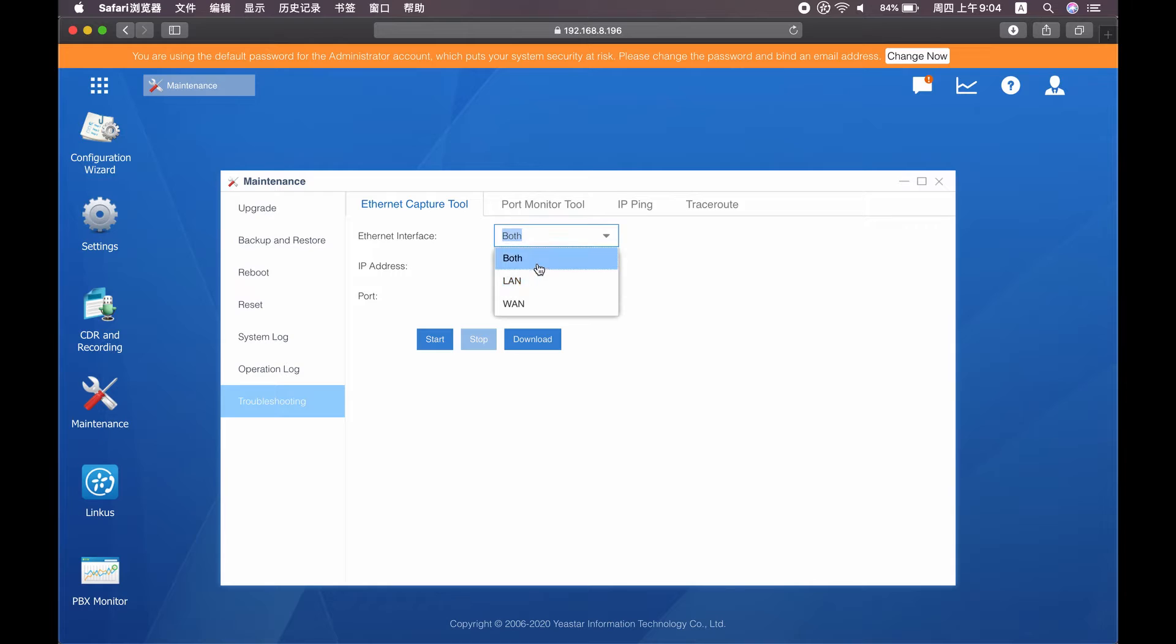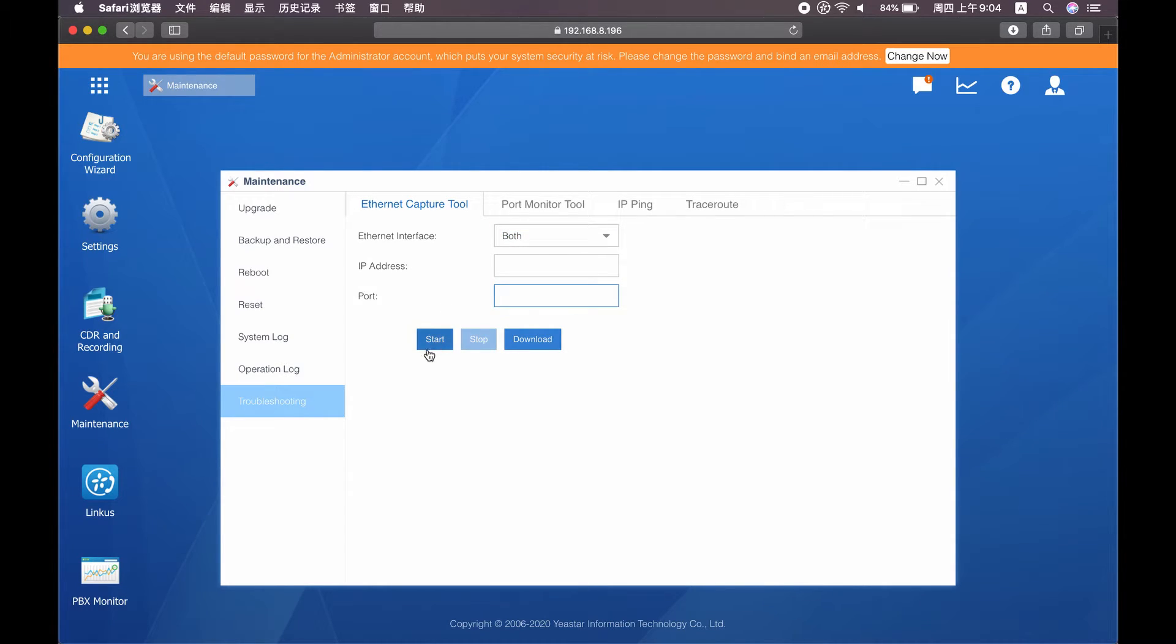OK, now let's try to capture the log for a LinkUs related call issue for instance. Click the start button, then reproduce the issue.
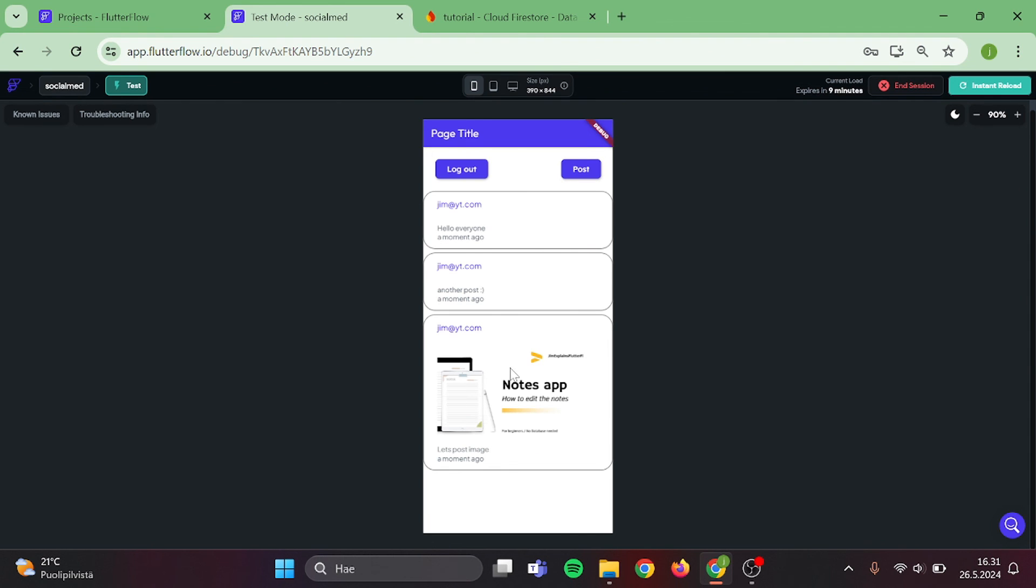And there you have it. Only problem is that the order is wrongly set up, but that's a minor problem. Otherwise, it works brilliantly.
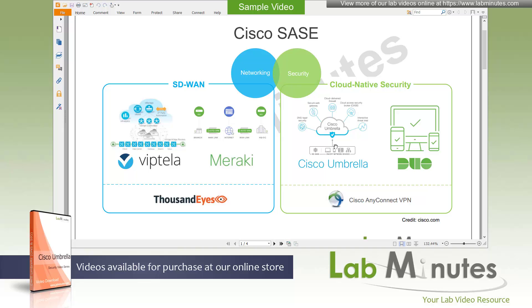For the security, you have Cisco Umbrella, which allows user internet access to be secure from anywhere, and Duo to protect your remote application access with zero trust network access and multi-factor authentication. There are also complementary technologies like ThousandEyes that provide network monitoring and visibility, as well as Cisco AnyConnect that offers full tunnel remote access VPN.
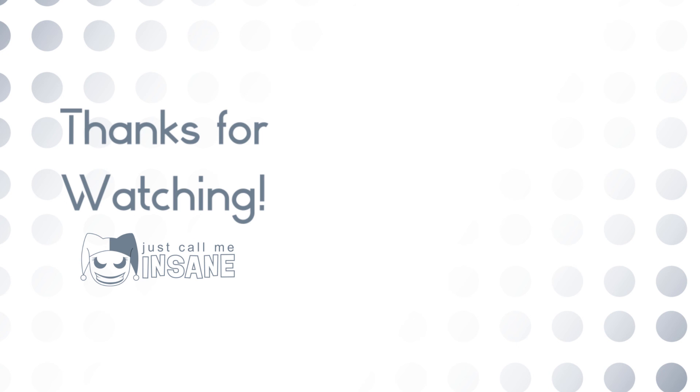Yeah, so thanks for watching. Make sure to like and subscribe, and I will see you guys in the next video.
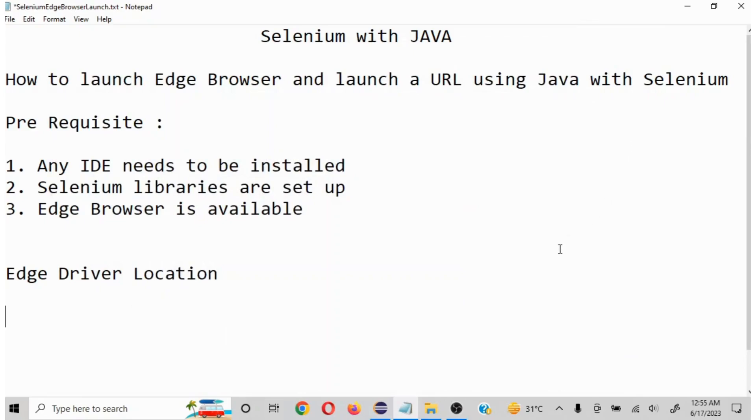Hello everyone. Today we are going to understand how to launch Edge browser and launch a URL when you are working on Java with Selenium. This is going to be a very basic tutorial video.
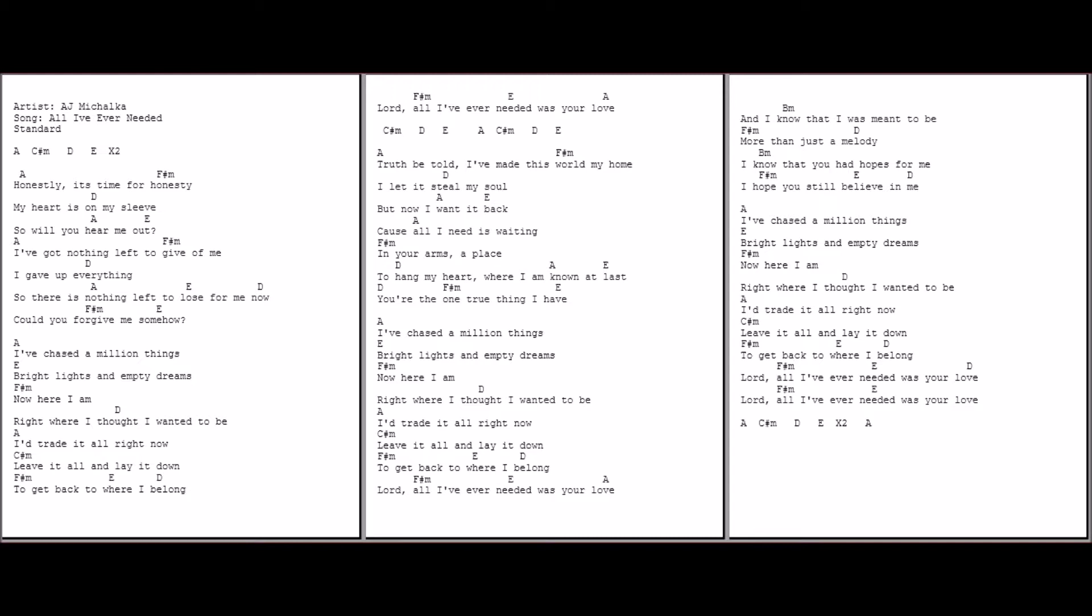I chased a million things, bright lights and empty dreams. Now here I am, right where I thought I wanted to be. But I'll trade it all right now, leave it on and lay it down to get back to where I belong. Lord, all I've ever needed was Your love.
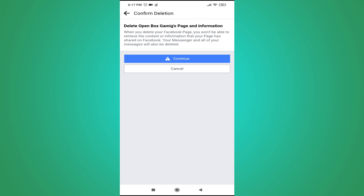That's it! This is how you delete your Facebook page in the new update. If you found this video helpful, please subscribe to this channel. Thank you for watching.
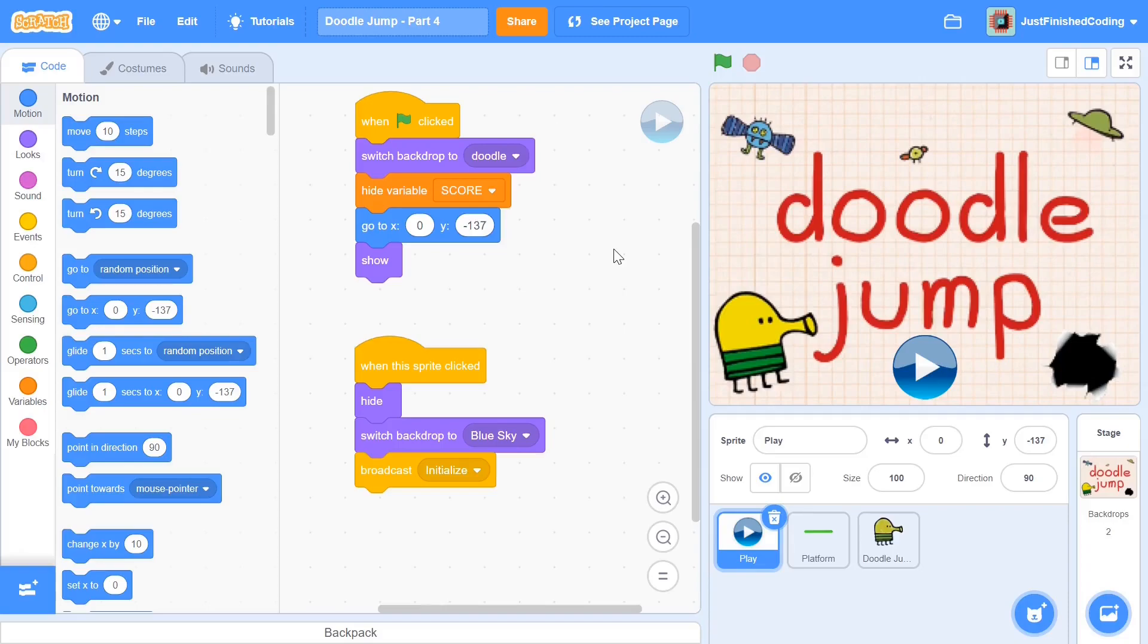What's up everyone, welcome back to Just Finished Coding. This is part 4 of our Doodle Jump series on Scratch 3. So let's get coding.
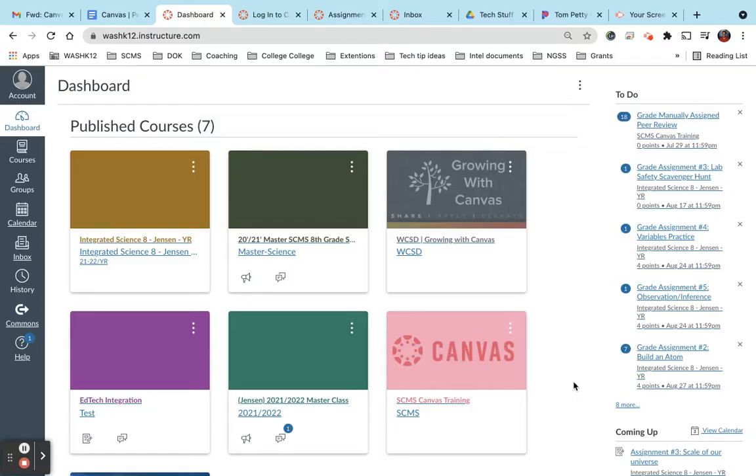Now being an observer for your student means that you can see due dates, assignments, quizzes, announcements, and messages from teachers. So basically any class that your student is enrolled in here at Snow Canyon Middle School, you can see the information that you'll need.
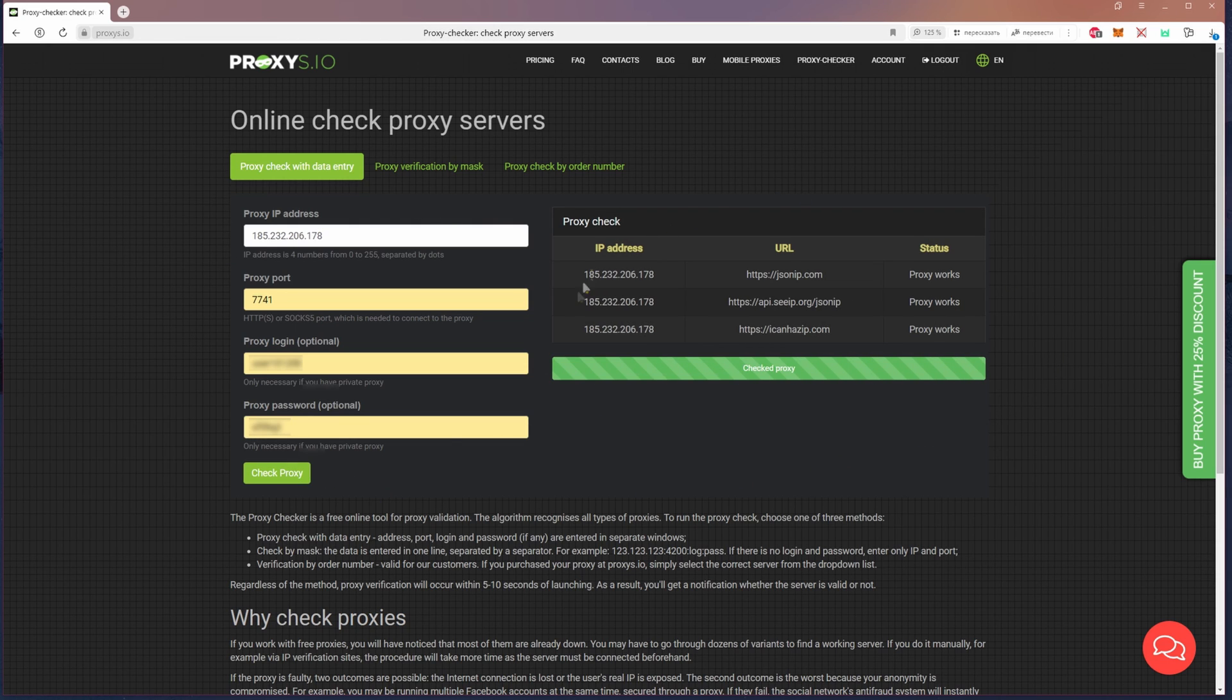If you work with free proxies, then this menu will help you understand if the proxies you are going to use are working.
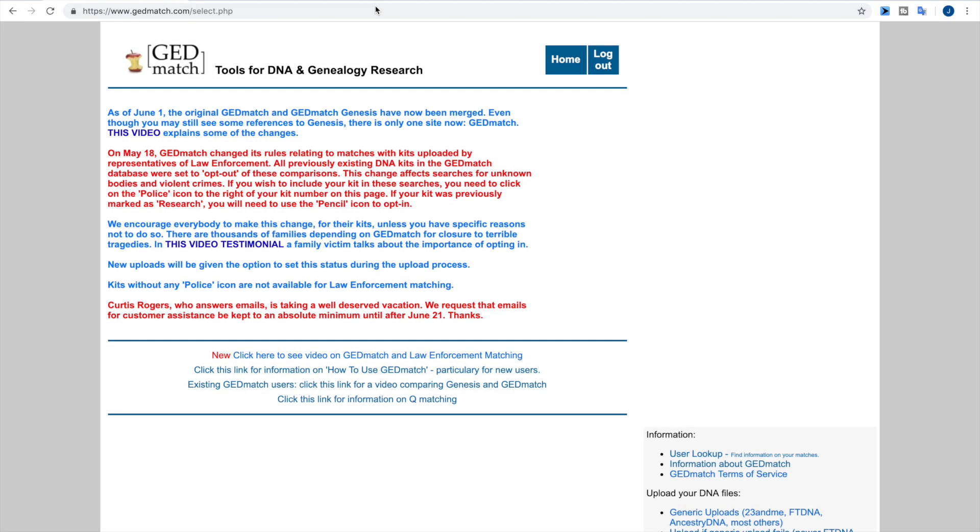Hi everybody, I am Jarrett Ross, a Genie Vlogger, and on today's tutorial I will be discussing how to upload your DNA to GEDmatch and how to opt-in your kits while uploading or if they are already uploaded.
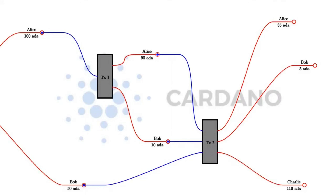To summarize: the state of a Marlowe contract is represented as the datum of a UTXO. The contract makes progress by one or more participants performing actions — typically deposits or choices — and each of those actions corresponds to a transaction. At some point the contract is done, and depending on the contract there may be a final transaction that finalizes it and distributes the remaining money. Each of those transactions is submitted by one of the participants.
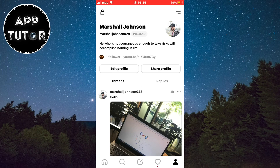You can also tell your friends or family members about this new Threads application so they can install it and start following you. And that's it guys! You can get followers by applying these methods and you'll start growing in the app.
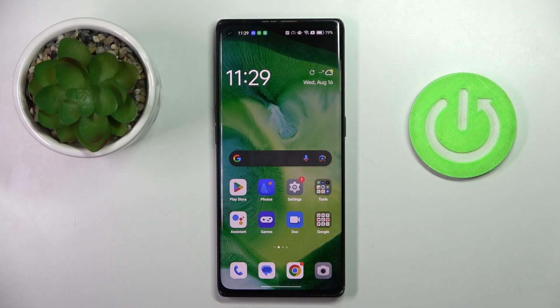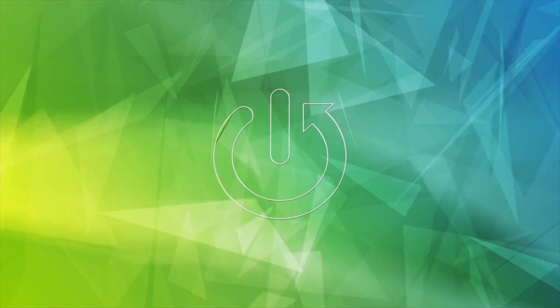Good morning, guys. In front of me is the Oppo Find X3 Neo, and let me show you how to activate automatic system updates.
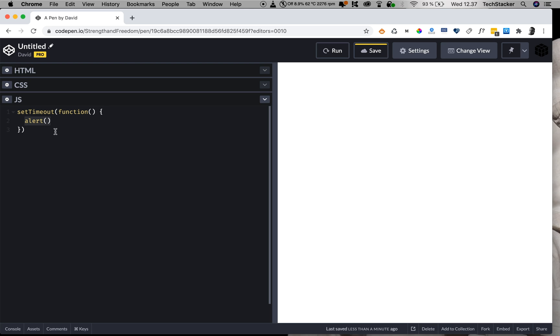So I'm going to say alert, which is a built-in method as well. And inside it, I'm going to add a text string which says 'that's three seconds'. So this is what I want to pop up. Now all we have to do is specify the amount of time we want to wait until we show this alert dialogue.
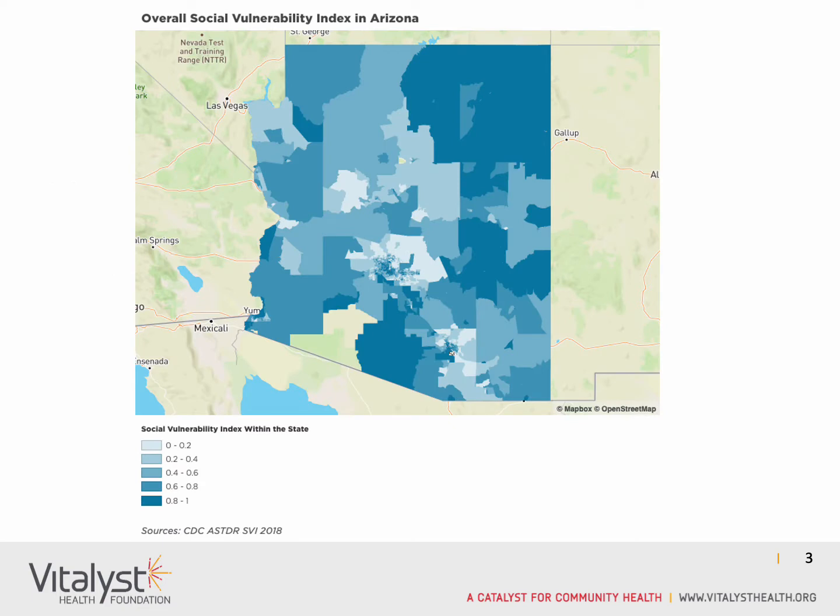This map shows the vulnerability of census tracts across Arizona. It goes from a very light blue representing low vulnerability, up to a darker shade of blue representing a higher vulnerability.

= Assigned task =
Repeat only the lines between the start of the data and the line with "What's up everyone, welcome", including those two lines, and skip the pictures.

= Written reply =
OK, now let's try to capture the log for a LinkUs related call issue for instance. Click the start button, then reproduce the issue.
And there you have it. Only problem is that the order is wrongly set up, but that's a minor problem. Otherwise, it works brilliantly.
For the security, you have Cisco Umbrella, which allows user internet access to be secure from anywhere, and Duo to protect your remote application access with zero trust network access and multi-factor authentication. There are also complementary technologies like ThousandEyes that provide network monitoring and visibility, as well as Cisco AnyConnect that offers full tunnel remote access VPN.
Yeah, so thanks for watching. Make sure to like and subscribe, and I will see you guys in the next video.
Hello everyone. Today we are going to understand how to launch Edge browser and launch a URL when you are working on Java with Selenium. This is going to be a very basic tutorial video.
I chased a million things, bright lights and empty dreams. Now here I am, right where I thought I wanted to be. But I'll trade it all right now, leave it on and lay it down to get back to where I belong. Lord, all I've ever needed was Your love.
That's it! This is how you delete your Facebook page in the new update. If you found this video helpful, please subscribe to this channel. Thank you for watching.
What's up everyone, welcome back to Just Finished Coding. This is part 4 of our Doodle Jump series on Scratch 3. So let's get coding.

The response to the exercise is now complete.